Skiing interrupted by snow

It’s a standing joke in the UK that the country can be paralysed by a little snow. It may come as some comfort therefore to find that it can happen here too. There was a big storm overnight and the village needs digging out.

There were no trains or lifts running until lunchtime, and therefore no skiing. Kids played in the snow on the tennis courts. 

We decided to pop down to Interlaken for some shopping while the ploughs did their work. Here is snowy Lauterbrunnen where we had our walk yesterday. 

When we got back to Wengen the path to our house still hadn’t been cleared. We struggled to the door with our shopping. Eventually the plough arrived.

It’s still snowing with more forecast tonight. 

Happy birthday 

More live music last night with Uptown Lights.

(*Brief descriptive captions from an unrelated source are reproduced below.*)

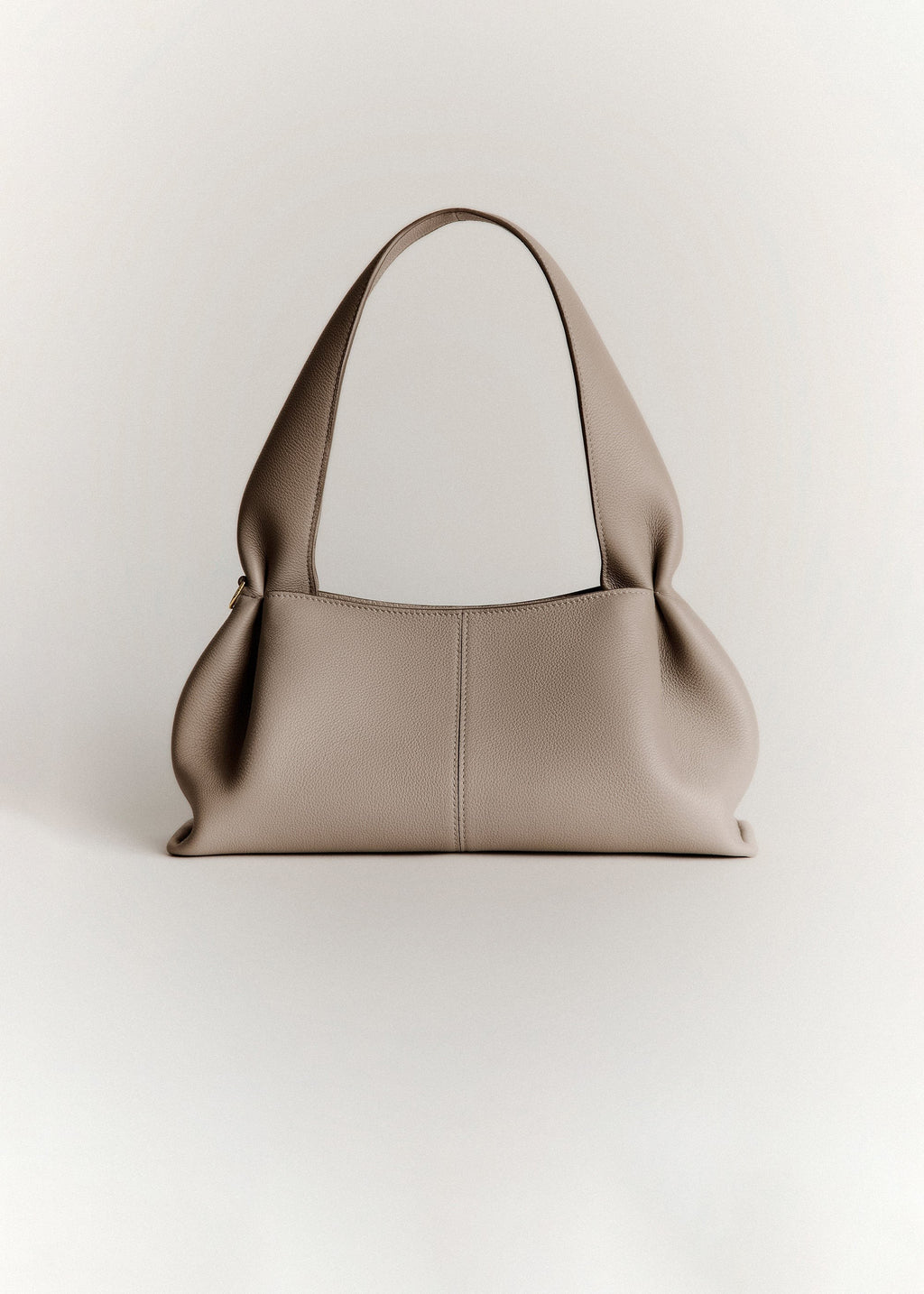 Handbag - Textured Taupe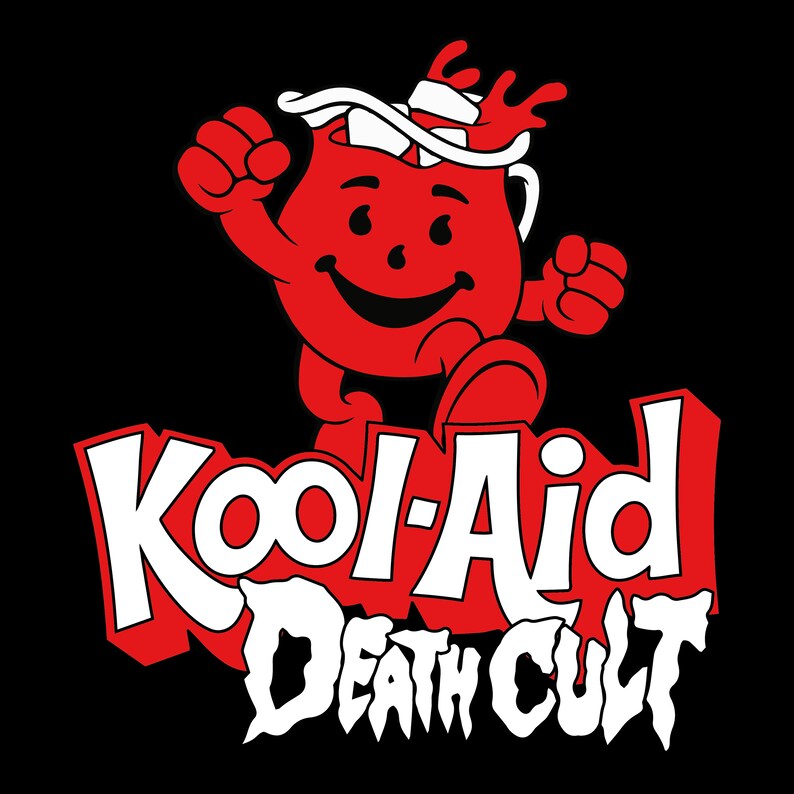 Koolaid Cult Inspired Fan Tshirt Etsy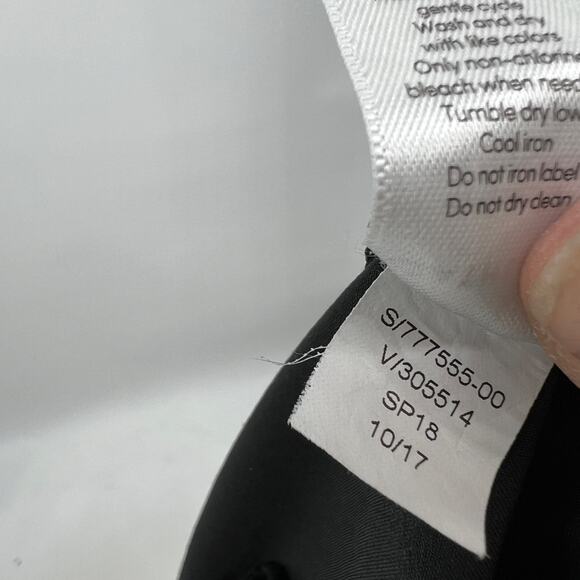 Athleta Soho Jogger Pants Women’s Black 0 Petite Casual Comfort Athletic - Picture 6 of 8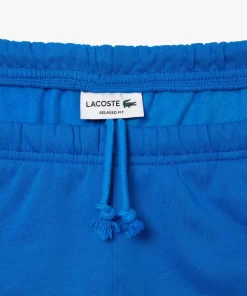 Lacoste Hosen & Shorts>Jogginghosen Mit Kultigem Aufdruck Blau Siy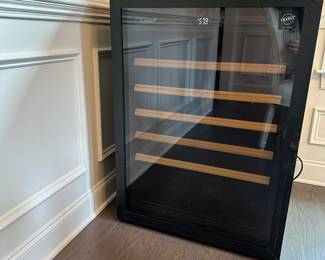 F1 - $850. 1 Available. EuroCave Wine Chiller. V-Prem-M model. Excellent Condition. Measures 26" deep x 27" wide x 37" tall. (One sold - one still available)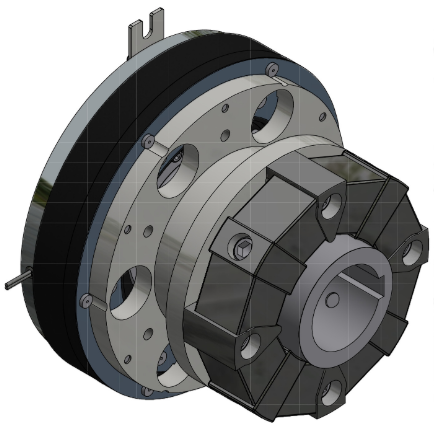 Clutch EMSL310/DF-GE MWM Freni Frizioni 08.26.310.51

It was Ibe’s birthday a few days ago and Ally has baked a cake.

Lots of fun as usual.

After all that excitement it’s nice that Val has a day off work today, and in any case there’s a big storm up the hill which has stopped the trains. We buy lunch from the little bakery in Lauterbrunnen and catch the bus to Stechelberg. The pond behind the hydro station is full of frogspawn and is alive with frogs.

More signs of spring under some of the trees.

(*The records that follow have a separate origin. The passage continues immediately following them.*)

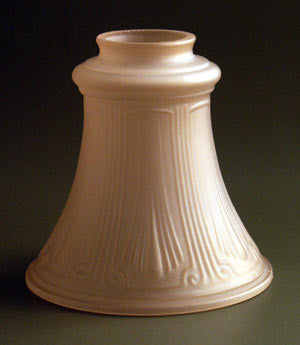 Champagne Deco Bell Shade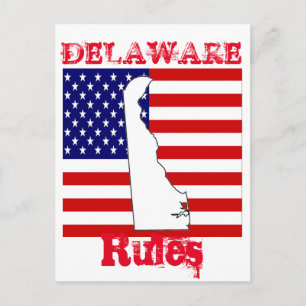 CARTE POSTALE DELAWARE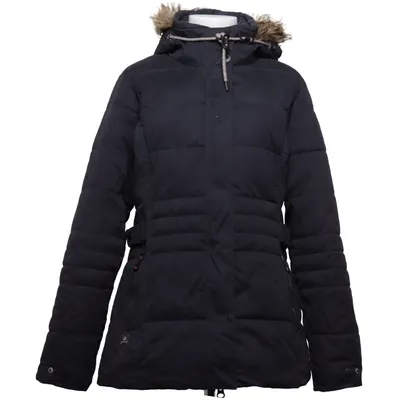 Winterjas (Zwart) van G.I.G.A. DX Katoen, Polyamide, Polyester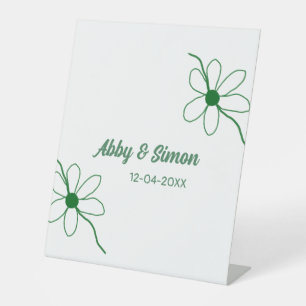 Signe De Table La correspondance parfaite ajouter nom de couple d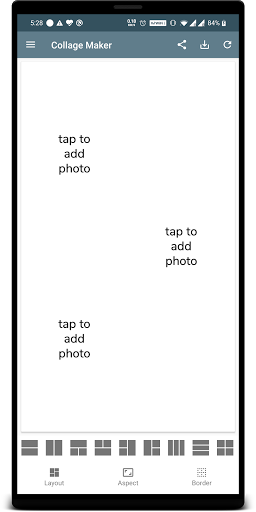 Android application Collage Maker screenshort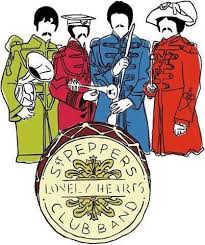 Beatles gifts and products : Drawing Of Sgt Pepper S Beatles Art Beatles Drawing The Beatles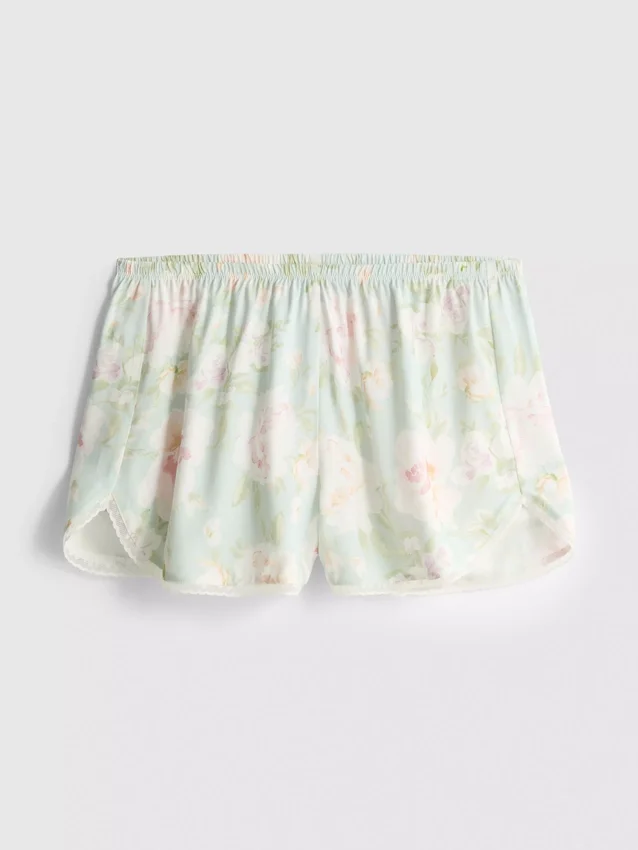 Pyjamasser med blomsterprint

Lunch. It’s very mild today.

New band

Actually, this lot have been having Wednesday evening practice sessions for the last seven years. This, however is their first public performance. 

Rachel is almost hidden in the corner.

There was a good turnout to see them Rich and Colin tried a three litre cylinder of beer.

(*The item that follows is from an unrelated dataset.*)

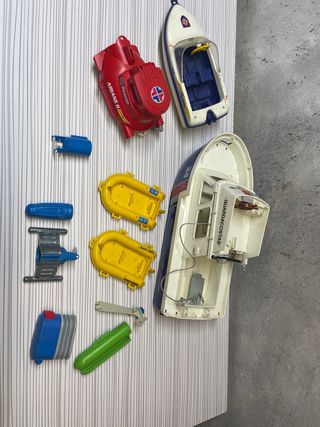 Playmobil Lote Barcos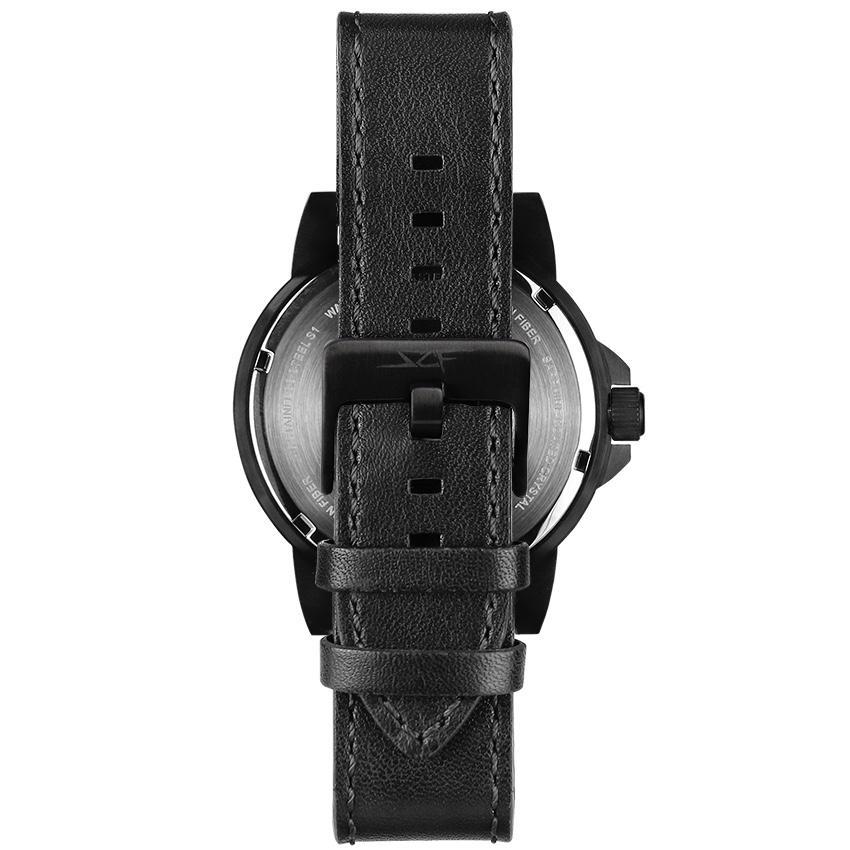 Apollo Stealth Carbon Fiber Watch - Premium Tactical Timepiece - Style Queenz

It all went well and everyone had a good night out. I wonder whether we’ll have to wait another seven years before we see them again.

Another poor day today – very few people went up the hill. Val took this pic of the normally busy Bahnhof restaurant at Scheidegg. 

More gloom

Val’s clients have been pretty diverse this season. The Dutch kids who came in February are to be expected, but this week she’s had kids from Angola and now a family from Dubai has turned up. They won’t have been very impressed with our recent weather that’s for sure – we had yet another damp, gloomy day today, with rain all the way to the summits. 

Piste machines are beginning to prepare the ground for the Snowpenair concert.

More live music tonight. Bob, Rachel, Ozzie, Steve and George have formed  a band. No idea how a five-piece band will squeeze in at the Sunstar but we’ll soon find out.

Saturday Night Fever

Cast your mind back to 1978. James Callaghan is UK prime minister, and 1.5 million people are unemployed. I had a dreary job in an office in Walsall, but we did our best to have a bit of fun. As a cocky 19 year-old I liked to have a dance whenever one our local pubs had a disco night, and when Saturday Night Fever arrived at the cinema the number of these events increased tenfold. 

As luck would have it one of the girls at my office was also a dance instructor, and a group of us would spend our lunchtimes learning the moves that we’d seen in the film. While I was never going to be John Travolta, I never missed a session and I reckoned I was pretty handy.

Fast forward forty years, and I am sat in my favourite spot at the bar in the Sunstar last night when I hear Steve and Colin calling my name. They’re playing a slow number and I must dance with Val as it was our anniversary a couple of days ago.

It’s probably a good thing that I can’t remember how to dance the ‘Manhattan Bus Stop Shuffle’ from Saturday Night Fever, and in any case Duo Centrale don’t play any Bee Gees numbers, but we had our annual dance and very nice it was too.

Vote with your duvet

This morning the weather was damp and dreary, and I didn’t envy Val as she set off for work. It looks like most folk stayed in bed judging by the number of people waiting for the 8.24 to Scheidegg this morning.

Apart from Val there were precisely zero skiers. Apparently it was a similar story up at the top. Duvet days all round.

Vertical Up 

Each year, just before Easter we have a race called the Vertical Up. The course is the downhill ski race course in reverse – racers start at the bottom and run up to the start hut at the top of the Lauberhorn. 

Any equipment can be used – skis, crampons etc, but the fastest competitors use running shoes fitted with spikes and a pair of long poles. Last year’s race was a bit of a disaster as a storm rolled in just before the start meaning that only the first third of the course was safe to use. Today the race started earlier and everything was fine. Here are the girls getting their prizes. Victoria from Zermatt was the winner.